Song by Patti Smith

from the album Horses
- Released: December 13, 1975
- Recorded: 1975
- Genre: Reggae; punk rock;
- Length: 3:26
- Label: Arista
- Songwriters: Patti Smith; Richard Sohl; Lenny Kaye;
- Producer: John Cale

Horses track listing
- 8 tracks Side one "Gloria: In Excelsis Deo / Gloria"; "Redondo Beach"; "Birdland"; "Free Money"; Disc two "Kimberly"; "Break It Up"; "Land: Horses / Land of a Thousand Dances / La Mer (De)"; "Elegie";

= Redondo Beach (song) =

1975 song by Patti Smith

"Redondo Beach" is a song by Patti Smith. It was first released on Smith's 1975 album Horses, with band members Richard Sohl and Lenny Kaye credited as co-writers. The lyrics were originally published as a poem in Smith's 1972 book kodak under the title "Radando Beach".

==Song==
The lyrics relate the suicide by drowning of a young woman following an argument with the song's narrator. It has frequently been interpreted as a lesbian-themed song; Smith appeared to encourage this interpretation in her live performances, often introducing the song with "Redondo Beach is a beach where women love other women".

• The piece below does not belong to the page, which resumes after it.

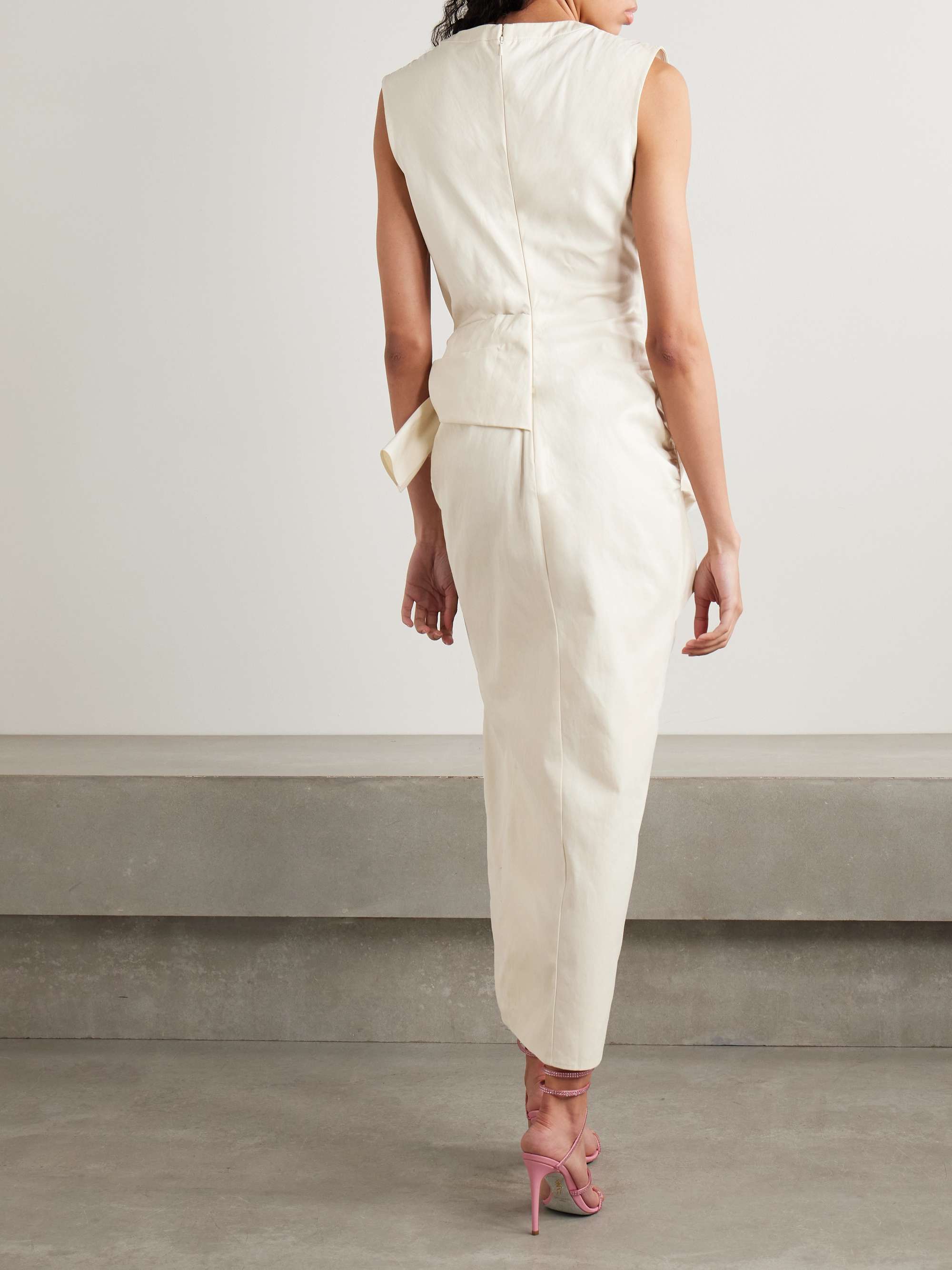 Tie-front button-embellished washed cotton-twill midi shirt dress view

She later said that she wrote the lyrics in 1971 following a fight with her sister Linda; Linda had disappeared for the day, causing Patti to worry that she had come to harm. Smith also stated that she considers herself "beyond gender" in her artistic expression. Smith's lyrics were set to a reggae arrangement.

==Usage==
The song featured in the 2023 film Perfect Days.

==Morrissey version==

The song was part of Morrissey's live set list throughout his December 2004 arena tour. "Redondo Beach / There Is a Light That Never Goes Out" was a double A-side single released by Morrissey to promote his live album Live at Earls Court in 2005. The double A-side reached number 11 in the United Kingdom, and "Redondo Beach" reached number 33 in Sweden.

===Track listings===
7" vinyl
1. "Redondo Beach" (live) (Patti Smith, Richard Sohl, Lenny Kaye) – 4:07
2. "There Is a Light That Never Goes Out" (live) (Johnny Marr, Morrissey) – 4:50

CD single
1. "There Is a Light That Never Goes Out" (live) (Johnny Marr, Morrissey) - 4:50
2. "Redondo Beach" (live) (Patti Smith, Richard Sohl, Lenny Kaye) – 4:07
3. "Noise Is the Best Revenge" (Janice Long session 2004) (Morrissey, Boz Boorer) - 4:03

DVD single
1. "Redondo Beach" (live) (Patti Smith, Richard Sohl, Lenny Kaye) – 4:07
2. "There Is a Light That Never Goes Out" (live) (Johnny Marr, Morrissey) – 4:50
3. "It's Hard to Walk Tall When You're Small" (Janice Long session 2004) (Morrissey, Alain Whyte)
4. "There Is a Light That Never Goes Out" (live promotional video)
5. "There Is a Light That Never Goes Out" (video taken from Manchester Evening News Arena)

===Charts===

| Chart (2005) | Position |
|---|---|
| Europe (Eurochart Hot 100 Singles) | 41 |
| Ireland (IRMA) | 45 |
| Scotland Singles (Official Charts) with "There Is a Light That Never Goes Out" | 15 |
| Sweden (Sverigetopplistan) | 33 |
| UK Singles (Official Charts) with "There Is a Light That Never Goes Out" | 11 |
| UK Indie (Official Charts) with "There Is a Light That Never Goes Out" | 1 |
| US Hot 100 Singles Sales (Billboard) | 10 |

===Release history===

| Region | Date | Label | Format | Catalog |
|---|---|---|---|---|
| UK | 2005 | Attack Records | 7" vinyl | ATKSE011 |
| UK | 2005 | Attack Records | CD #1 | ATKXS011 |
| UK | 2005 | Attack Records | CD #2 | ATKXD011 |

==Other cover versions==
The song was performed by Angel Corpus Christi on I Love NY, her 1984 album of cover versions that were originally recorded by New York-based artists.